Based on the adversary’s goals, the attacks can be further classified into untargeted attacks [6, 8, 9, 12, 18] (model downgrade attacks) and targeted attacks [10, 16] (backdoor attacks). In untargeted attacks, the adversary aims to reduce the global model’s accuracy and entirely ‘break’ the model by participating in the learning task. In contrast, target attacks maintain the global model’s overall accuracy but insert ‘back door’ in minority examples. These back-doors can result in a wrong reaction when the attacker-chosen action event occurs. For instance, [10] can force GoogLeNet to classify a panda as a gibbon by adding an imperceptibly small vector on the panda image; the Faster RCNN can not detect the ‘stop’ sign that added small perturbations [16]. As the untargeted draws lead to security threats for FL, we consider the setting of untargeted model poisoning attacks in this study which shows as follows:

“Reverse attack” [6] and “Random attack” [8] poison the global model by uploading a reverse gradient and a random gradient. “Partial drop attack” [8] replaces the gradient parameter as a 0 with a given probability and subsequently uploads the crafted gradient to poison the global model. “Little is enough attack” [1] and “Fall of empires attack” [19] leverage the dimension curse of machine learning and upload the crafted gradient by adding perturbation on the mean of the gradient owned (based on the capability). “Local model poisoning attack” [9] is a state of art attack. It infers the convergence direction of the gradients and uploads the scaled, reverse gradient to poison the global model.

2.2 Byzantine-Robust Aggregation Rules for FL

The FL server can effectively average and aggregate the local models received in non-adversarial settings [17]. However, linear combination rules, including averaging, are not byzantine resilient. In particular, a single malicious worker can corrupt the global model and even prevent global model convergence [3]. Therefore, the existing byzantine-robust aggregation rules have been designed to replace the averaging aggregation and address byzantine failures. Next, we discuss the popular byzantine-robust aggregation rules.

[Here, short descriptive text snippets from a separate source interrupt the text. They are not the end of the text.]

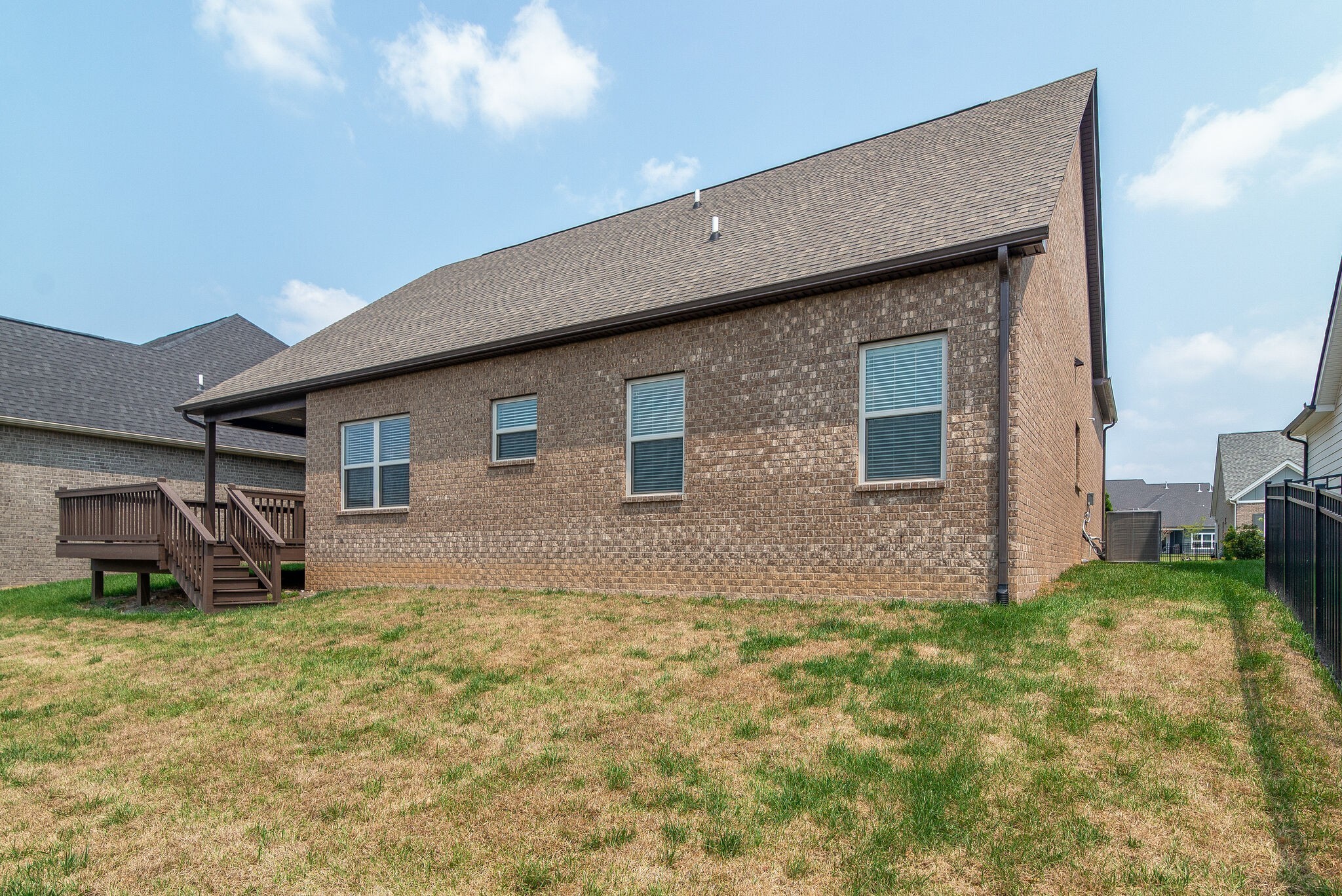 730 Canter Ln Property Photo 32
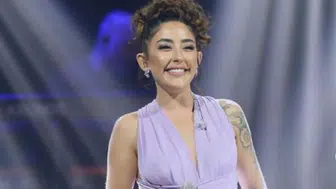 Melek Mosso kimdir, kaç yaşında, nereli ve evli mi? İşte hayatı ve müzik kariyeri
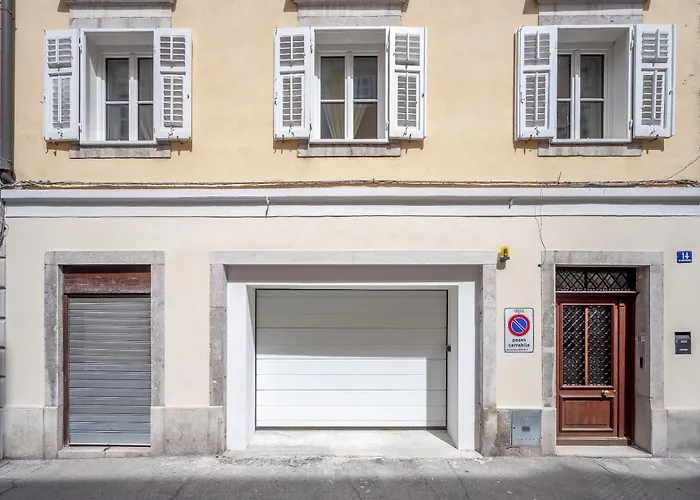 Machiavelli - Affitti Brevi Italia * Triëst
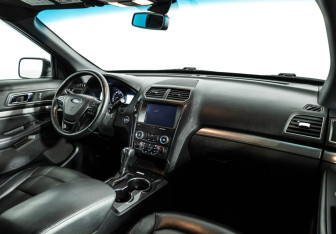 Подержанный автомобиль Ford Explorer 2018 года (9 фото)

Krum [3]: Krum discards the gradients that are too far away from benign gradients. In particular, for each gradient received, Krum calculates the sum Euclidean distance of a number of the closest neighbours as the score. The gradient with the lowest score is the aggregation outcome and becomes the new global model in this iteration. As the number of the closest neighbors selected influences the score, Krum requires the number of attackers.

Trimmed-Mean and Median [20]: Trimmed-mean is a coordinate-wise aggregation rule which aggregates each model parameter, respectively. Specifically, for a given parameter, the server firstly sorts the parameter from all gradients received. Then, the server discards a part of the largest and smallest values and finally averages the remaining gradients as the corresponding parameter of the new global model in this iteration. The Median method is another coordinate-wise aggregation rule. In the Median method, the server firstly sorts the parameter from all gradients received and selects the median as the corresponding parameter of the new global model in this iteration.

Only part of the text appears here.